Framework	Mean [s]	Min [s]	Max [s]	Relative
`go-dataframe`	3.847 ± 0.253	3.585	4.280	1.00
`gota`	9.127 ± 0.231	8.828	9.450	2.37 ± 0.17
`pandas`	14.185 ± 1.546	12.161	15.737	3.69 ± 0.47
`petl`	24.496 ± 3.328	21.238	30.702	6.37 ± 0.96
`pyspark`	23.638 ± 0.915	22.122	24.999	6.14 ± 0.47

25 Files

(10 runs

100,000 records each)

Framework	Mean [s]	Min [s]	Max [s]	Relative
`go-dataframe`	8.212 ± 0.559	7.521	9.105	1.00
`gota`	32.663 ± 1.640	30.131	35.154	3.98 ± 0.34
`pandas`	30.790 ± 0.572	30.060	31.684	3.75 ± 0.26
`petl`	107.274 ± 3.292	100.848	111.170	13.06 ± 0.98
`pyspark`	35.659 ± 0.719	34.524	37.100	4.34 ± 0.31

50 Files

(5 runs

100,000 records each)

Framework	Mean [s]	Min [s]	Max [s]	Relative
`go-dataframe`	16.669 ± 1.990	14.858	19.575	1.00
`gota`	91.149 ± 4.158	88.691	98.500	5.47 ± 0.70
`pandas`	60.217 ± 2.036	58.558	62.916	3.61 ± 0.45
`pyspark`	65.071 ± 1.078	64.086	66.612	3.90 ± 0.47

100 Files

(5 runs

100,000 records each)

Framework	Mean [s]	Min [s]	Max [s]	Relative
`go-dataframe`	26.075 ± 0.522	25.426	26.518	1.00
`pandas`	116.856 ± 0.334	116.315	117.220	4.48 ± 0.09

Memory Consumption Analysis

For the memory consumption analysis, we created graphs using CMDBench.
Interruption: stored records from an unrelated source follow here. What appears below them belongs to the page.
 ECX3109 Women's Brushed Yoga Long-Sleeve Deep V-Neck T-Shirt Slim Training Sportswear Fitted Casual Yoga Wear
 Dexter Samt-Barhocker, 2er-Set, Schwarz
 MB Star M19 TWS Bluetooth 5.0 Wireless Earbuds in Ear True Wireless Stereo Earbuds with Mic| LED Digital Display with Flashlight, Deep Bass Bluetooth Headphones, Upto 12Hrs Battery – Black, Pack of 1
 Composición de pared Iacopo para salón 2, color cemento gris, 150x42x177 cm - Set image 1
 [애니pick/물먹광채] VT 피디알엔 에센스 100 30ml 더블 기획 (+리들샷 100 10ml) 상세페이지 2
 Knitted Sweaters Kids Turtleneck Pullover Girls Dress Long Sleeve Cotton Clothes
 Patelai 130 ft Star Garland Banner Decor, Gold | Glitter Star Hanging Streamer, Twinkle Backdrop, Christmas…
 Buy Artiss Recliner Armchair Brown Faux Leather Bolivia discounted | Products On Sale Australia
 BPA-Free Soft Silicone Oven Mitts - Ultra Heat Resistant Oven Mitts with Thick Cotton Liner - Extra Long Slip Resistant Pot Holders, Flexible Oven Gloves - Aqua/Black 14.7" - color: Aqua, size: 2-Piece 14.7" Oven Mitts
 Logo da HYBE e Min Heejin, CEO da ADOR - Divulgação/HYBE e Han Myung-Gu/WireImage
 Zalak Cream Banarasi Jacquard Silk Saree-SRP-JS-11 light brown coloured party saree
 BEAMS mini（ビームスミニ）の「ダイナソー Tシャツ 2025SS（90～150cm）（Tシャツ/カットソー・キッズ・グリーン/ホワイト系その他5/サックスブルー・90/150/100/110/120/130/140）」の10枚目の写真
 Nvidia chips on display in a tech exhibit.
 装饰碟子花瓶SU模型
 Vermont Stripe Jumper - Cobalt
Here are the key insights

2 Files

(100,000 records each)

go-dataframe	gota	pandas	petl	pyspark

5 Files

(100,000 records each)

go-dataframe	gota	pandas	petl	pyspark

10 Files

(100,000 records each)

go-dataframe	gota	pandas	petl	pyspark

25 Files

(100,000 records each)

go-dataframe	gota	pandas	petl	pyspark

50 Files

(100,000 records each)

go-dataframe	gota	pandas	petl	pyspark

100 Files

(100,000 records each)

go-dataframe	pandas

Conclusion

From our analysis, we can draw several conclusions

For small datasets, petl outperforms all other frameworks in terms of CPU consumption, closely followed by pandas.
As the dataset size increases, pyspark consistently shows the highest CPU consumption, making it less suitable for large datasets in a single-node setup.
Overall, go-dataframe outperforms all other frameworks in terms of CPU and memory consumption

Choosing the right framework depends on the specific requirements of your task, including dataset size, available resources, and the desired level of parallelization. We hope this analysis helps you make an informed decision when working with CSV concatenation and dataframe comparison tasks. Happy data processing!